An older woman with hair the same colour as the Cardrona snow plonks herself down in a plastic chair to watch. “I’ve just finished playing table tennis,” she announces to the captivated group of spectators who’ve gathered. Strangers on the sidelines quickly become friends, as people pull out their phones to show off photos of their favourite jigsaws (Van Gogh’s Sunflowers, a classic). It’s this instant bond that Gragg loves the most about puzzling. “At Worlds, people don’t speak the same language, but put a jigsaw puzzle down on the table and people will just gravitate,” she says. “You don’t even need to speak and you’re having a good time.”
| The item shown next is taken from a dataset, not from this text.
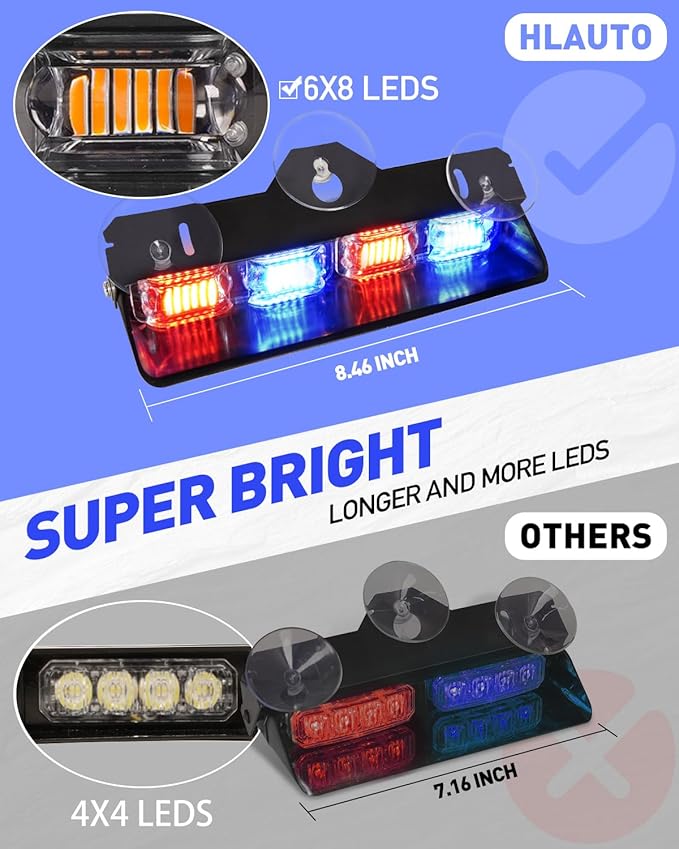 HLauto 2002L Emergency Dash Strobe Lights: Red Blue Safety Lights, Flashing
That day, nobody had a better time than Dunedin Dissectologists. Two hours, 41 minutes and 21 seconds after the jigsaws were unwrapped, the four puzzlers raise their hands in the air, triumphant and exhausted. Team Tabulous finish second a mere two minutes and 51 seconds later, while Bird and Chook persist with that bleak Central Otago sky until the bitter end. The following day, McKay will give a spectacular display of stamina in the individual race, enduring nine gruelling hours of puzzling to solve a 1000-piece jigsaw of Larnach Castle so challenging that other competitors leave in tears.
Regardless of the results, puzzling was the winner on the day. NZMG manager Vicki Kestila admits she wasn’t sure what to expect with jigsaw racing, but was quickly won over. “We were blown away by how popular it was in terms of participation but also by how many spectators it attracted,” she says. “People were fascinated by the ins and outs of it all.”
Even the victorious Gragg, who’s preparing to return to the World Championships in Spain later this year, says the most important thing about competitive puzzling is that everyone has a good time. Bird and Chook agree. “If we don’t enjoy it, then what’s the point?” Kennedy/Bird asks. And what about McKay, who never wants to see a photo of Larnach Castle ever again? “I hope that I’m subverting somebody’s stereotype about what a jigsaw puzzler is,” she says. “Even though this is the Masters Games, jigsaw puzzling can be cool, kids.”